While Phil and I were in Baltimore we all (by all I mean, me, Phil, Cole, and Avery :)) went to a nice lunch, we ordered Tapas and had Sangria. The view was beautiful, over looking the harbor, the air had the nice fall crisp smell, the Sangria's were full of fruit, and the Tapas were glorious and smelled amazing! Can you picture it? Doesn't it sound like an amazing time? Well, add in a screaming, antsy, impatient toddler that is refusing to eat his food, and wanting your food, a 7 week old crying, fussing, and wanting to be bounced, rocked and walked around, and the wind blowing around every napkin we had.. Not so great huh?

No relaxing and enjoying our food and drinks were happening at that lunch! We barely survived the lunch, we were one hot mess of a family if you were watching us.

I had major anxiety during the lunch and wanted to scream, I looked around and was extremely jealous of so many people just sitting there socializing, slowly eating their Tapas, sipping their Sangria, holding the napkin in their lap, and laughing. Why couldn't that be us? Why did I have to scarf down my Tapas and chug my sangria and not enjoy the 30 flavors of different fruit? I wanted to scream. Then I got this overwhelming feeling of how blessed I am. I realized that within time, that will be Phil and I. That within time, it will ONLY be Phil and I. My kids are growing up right in front of my very eyes, and at that moment I was wishing it away. That in 15/20 years, Phil and I will be those people enjoying our sangria, slowly eating our Tapas, and looking at another family with kids, standing while eating, balancing their meals while holding an apple, stroller and napkin in the other hand, and I will be longing for that moment again. I will miss the smell of a newborn and leaning down kissing my baby girls head. I will miss trying to wipe off a sticky little boys hand and the napkin sticking to it.

That moment made me realize to enjoy these crazy, rushing moments. Phil and I only get a few years of this craziness, and before with know it - we will be begging our kids to come to dinner with us, but they will be too busy going to soccer games, date nights, movies, parties, college, or too busy with their own family.....

These moments, these crazy, fast paced moments that feel like they will NEVER end-- are amazing, and I will enjoy it! I will smile through it, and I will never look off to other couples and wish it was us, because I love this craziness, and it will soon be gone.....And maybe, just maybe those couples are wishing they were us!

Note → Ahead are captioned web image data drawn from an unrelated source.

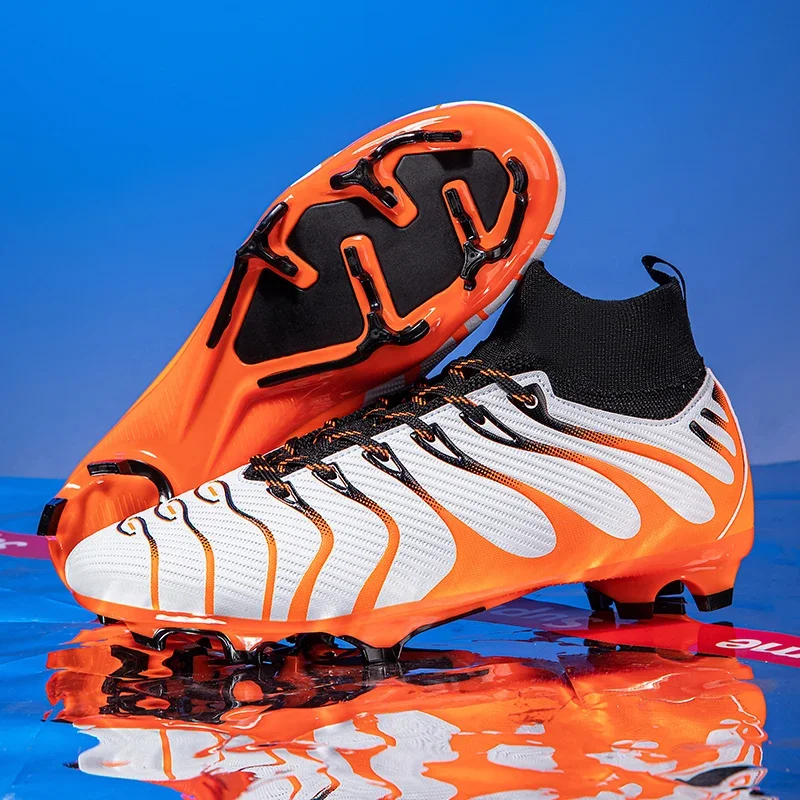 Outdoor Sport Court - Men Match Football Boots Sport Training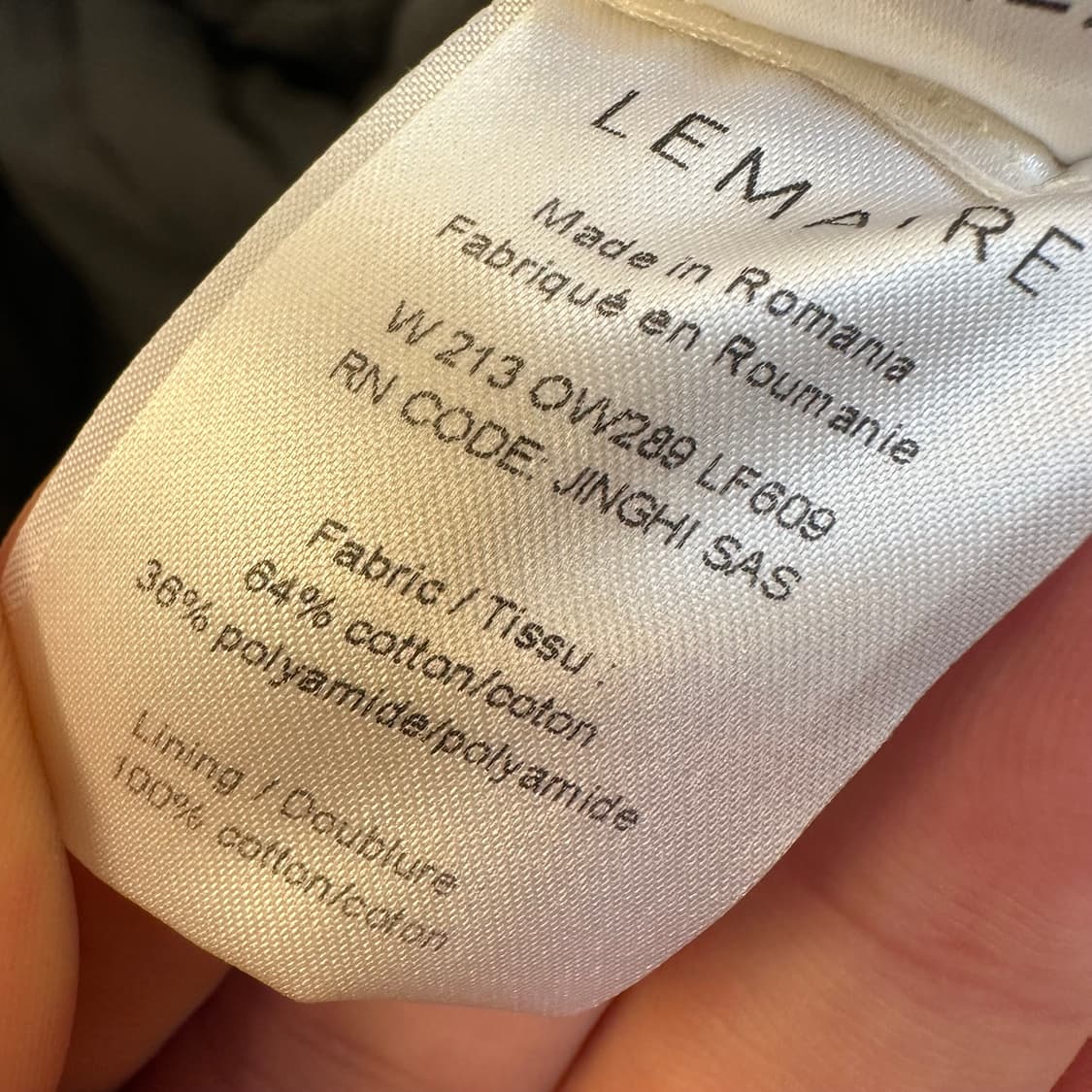 르메르 푸퍼 34사이즈  상품이미지6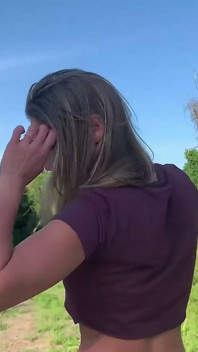 Biking in Thongs and Fucking Outdoors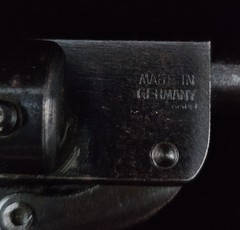 BSF S20 .177 Spring-Piston Break Barrel Pellet Air Pistol Made in Germany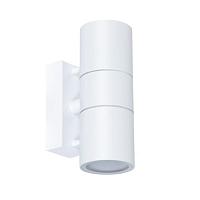 Дополнительная картинка Уличный настенный светильник Arte Lamp Sonaglio A3302AL-2WH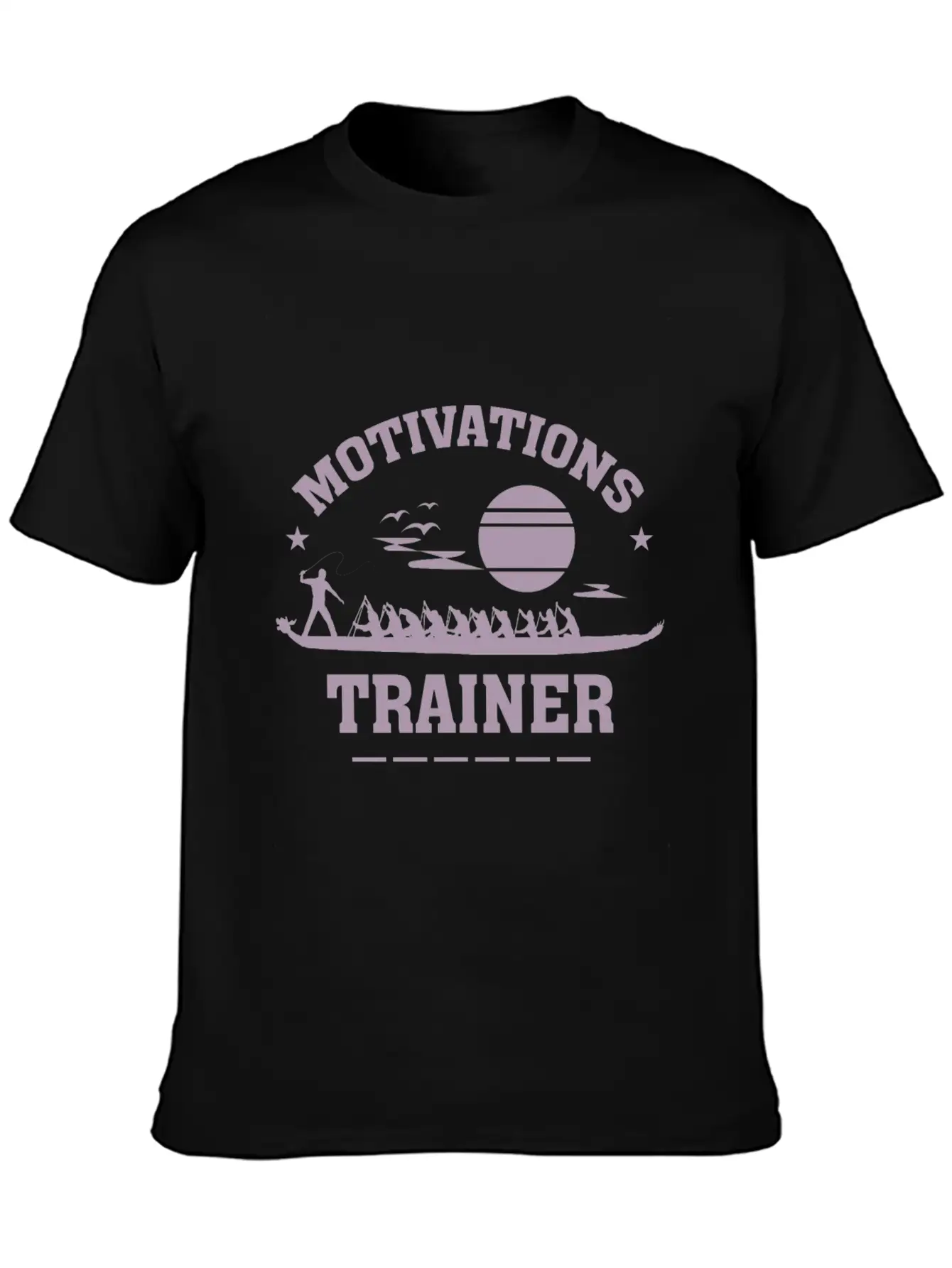 Motivational Speaker Viking Dragon Boat Classic Cotton Tee – Unisex Comfort For Any Season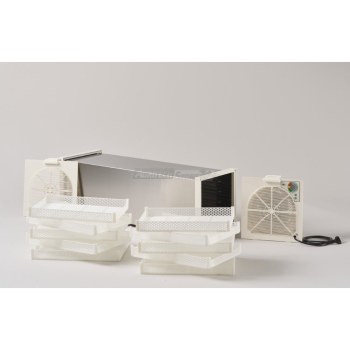 Essiccatore Domestico Biosec Silver B10-S in Acciaio Inox – 10 Cestelli Agritech Store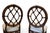 Brown Tommy Bahama Bali Hai Cedar Key Oval Back Dining Chairs - Set of 4 For Sale - Image 8 of 18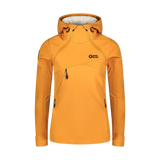 Softshell-Anorak mit Fleece Damen - DEVOTION gelb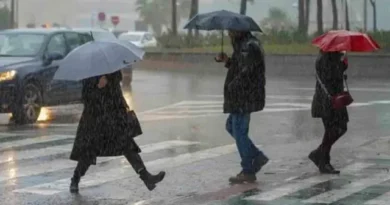 Onamet mantiene alertas y pronostica lluvias en algunas regiones del país
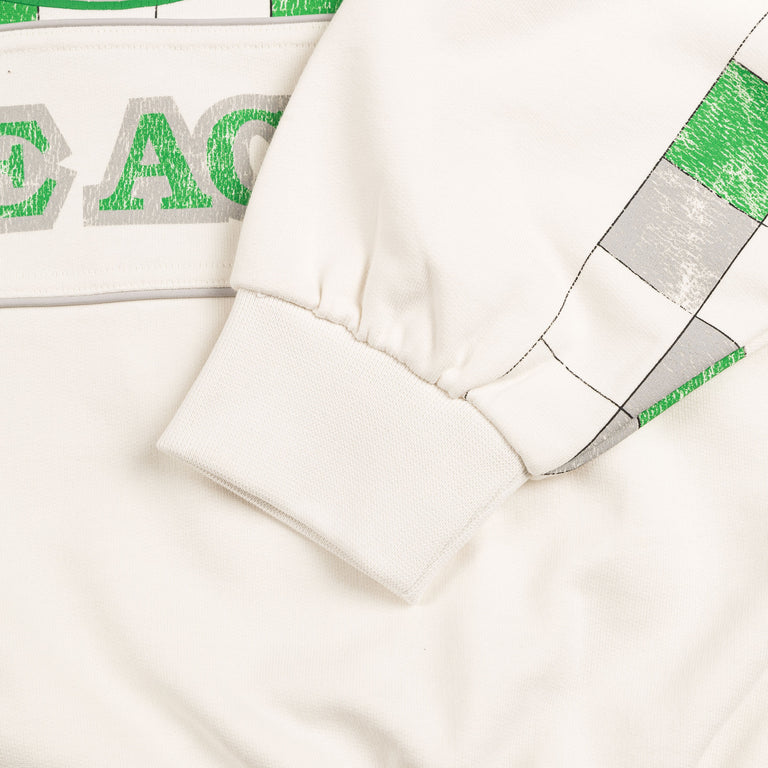 Adidas Wmns Archive Court Sweatshirt - XXL / Cloud White - 4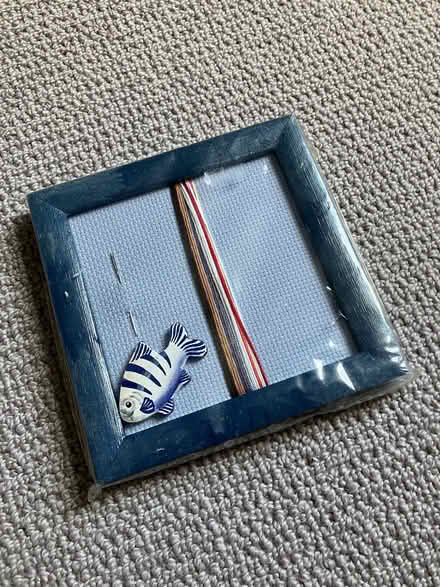 Photo of free Small kids cross-stitch kit (Bear Flat BA2) #1
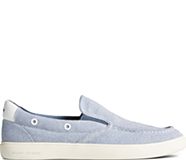 Outer Banks Twin Gore Washed Sneaker, Blue, dynamic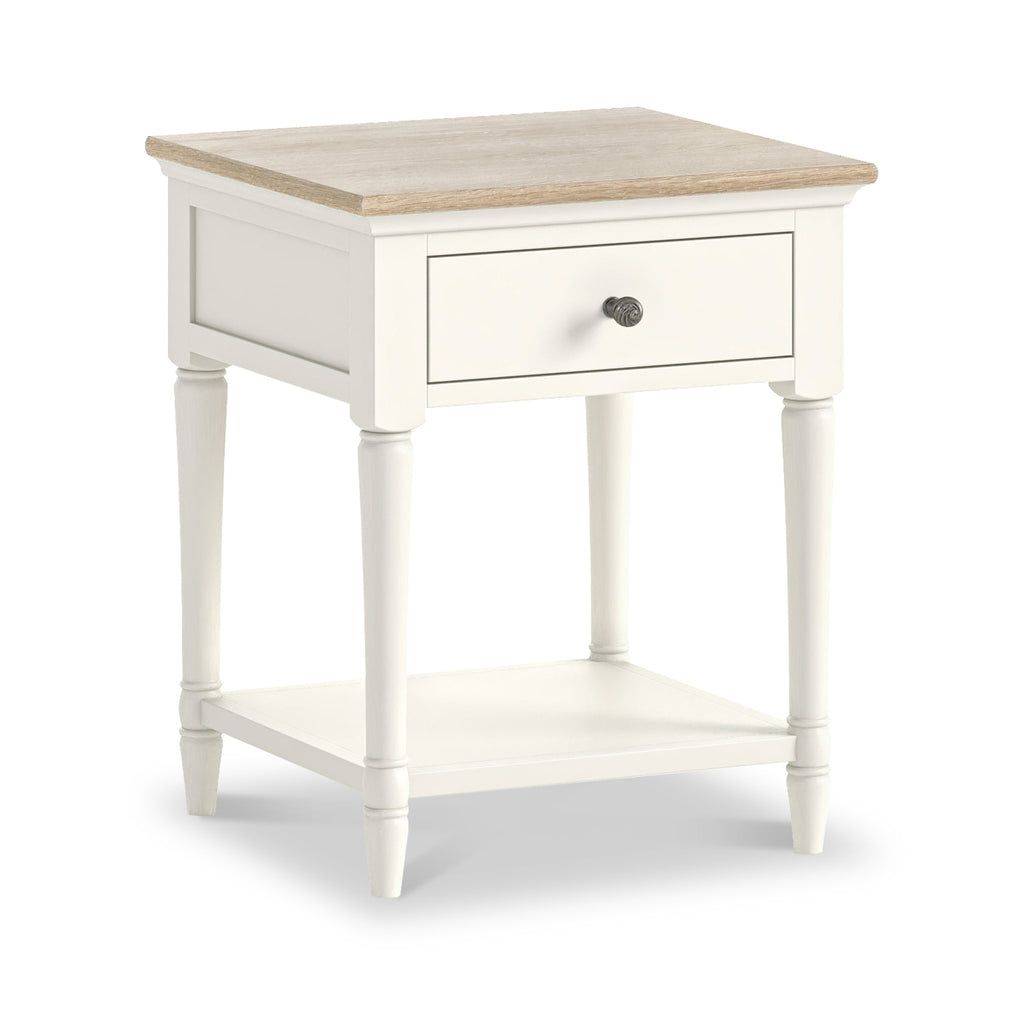 Linden Lamp Table — side table from 2nd Time Around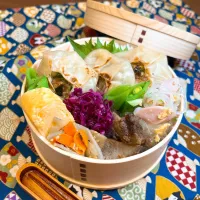 曲げわっぱ弁当|Kさん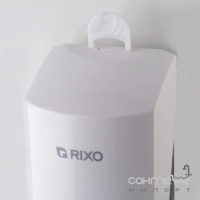 Дозатор подвесной 1000мл Rixo Maggio S068W белый пластик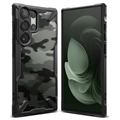Ringke Fusion X Design Samsung Galaxy S23 Ultra 5G Hybrid-deksel - Kamuflasje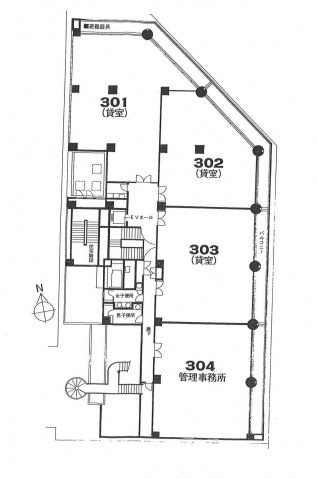 【間取り】 | ビアビアンカマツヲ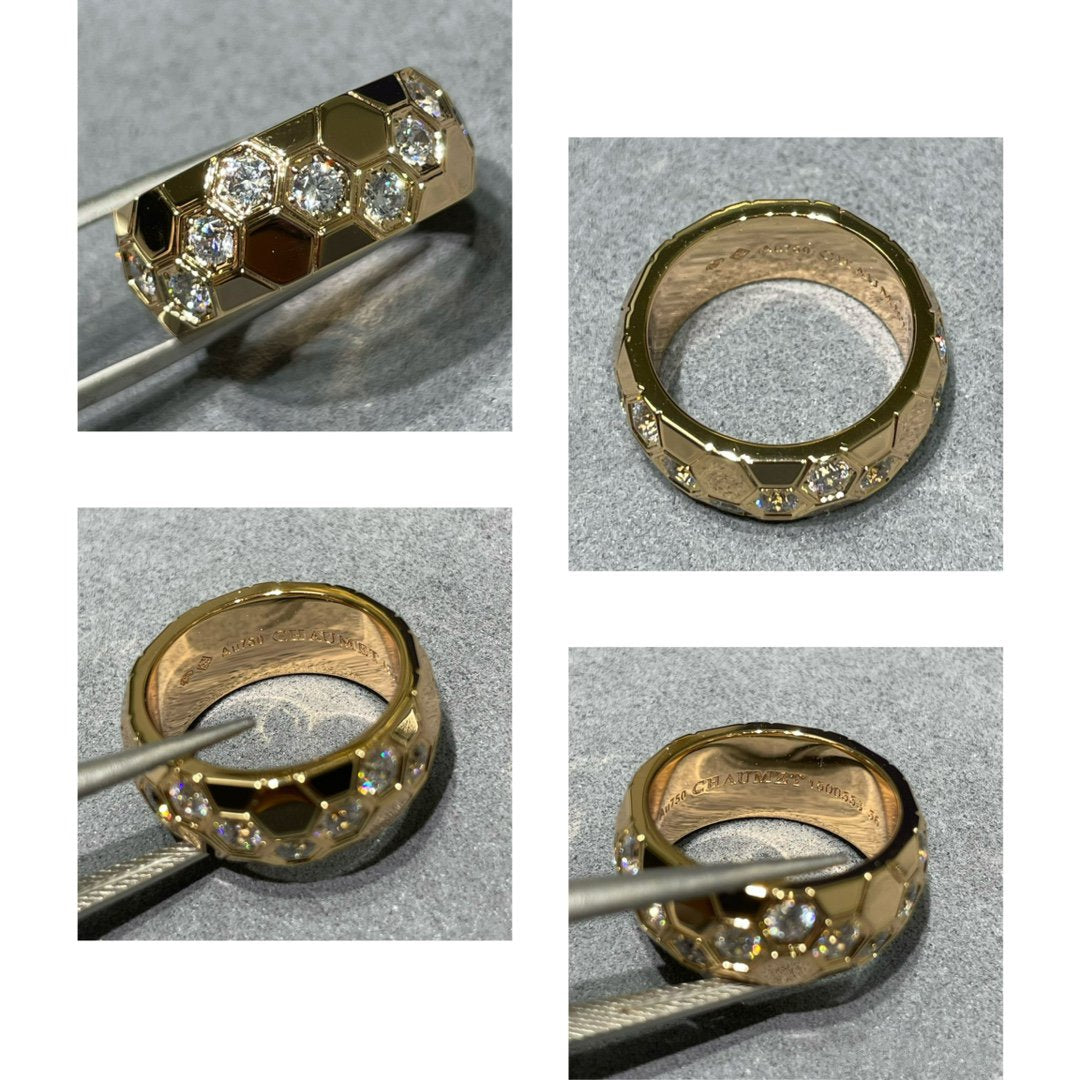 [Cadisa]BEE LOVE DIAMOND LARGE RING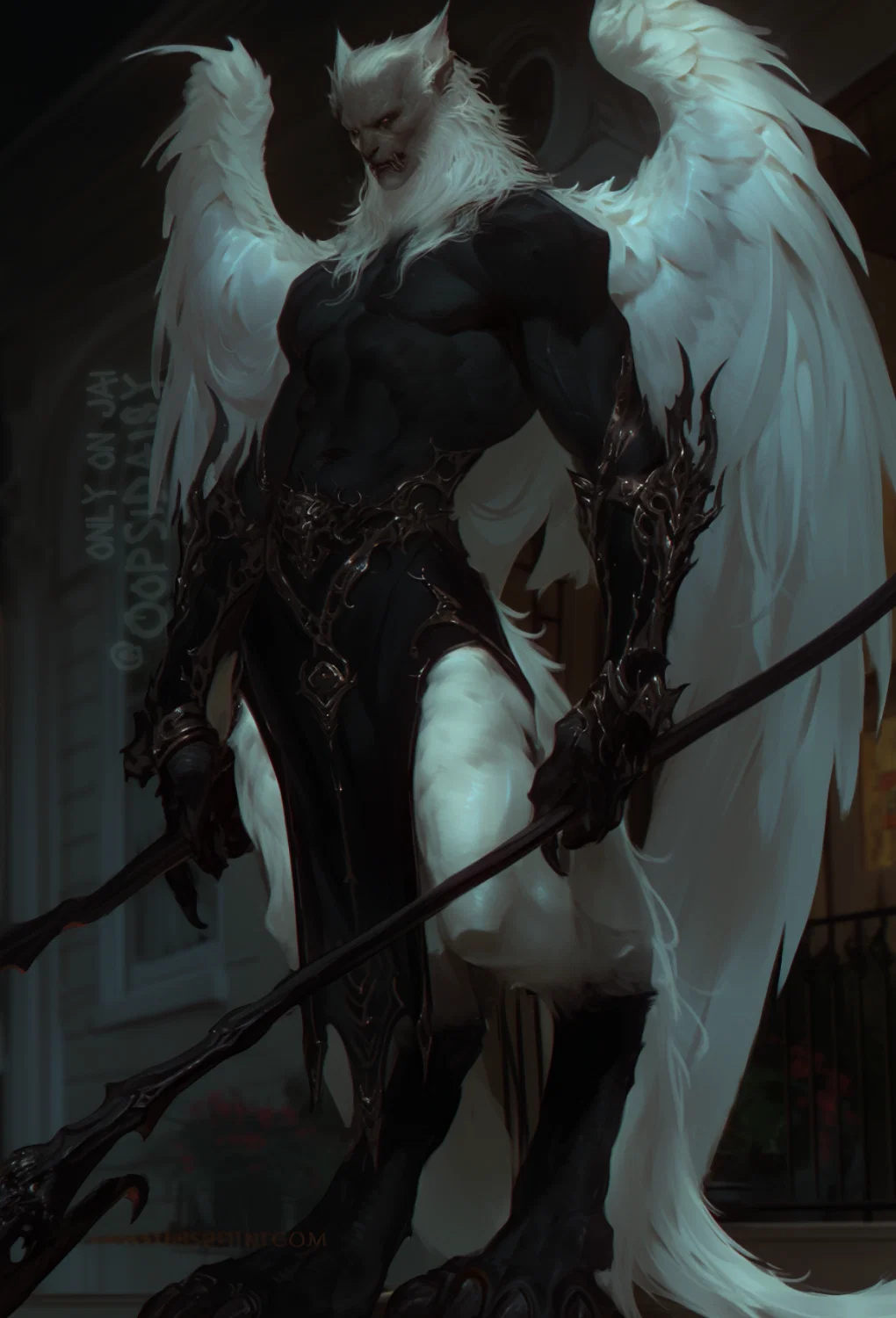 Samael Vaerel - Angel of Death
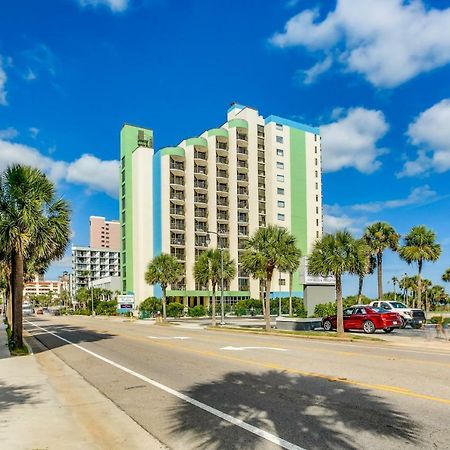 Oceanfront Condo W Balcony King Bed Meridian Plaza Myrtle Beach Extérieur photo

I am so blessed, and so very lucky. Our trip to Baltimore gave me new meaning and view to my life. I can't explain it, and did a crappy job writing it out above. But I hope you get my point :) That soon, these crazy moments will be a distant memory, and I don't want to regret that I took it all for granite. Someday, I am goings to miss these moments... My kids are growing up... Its sad, but also so very rewarding!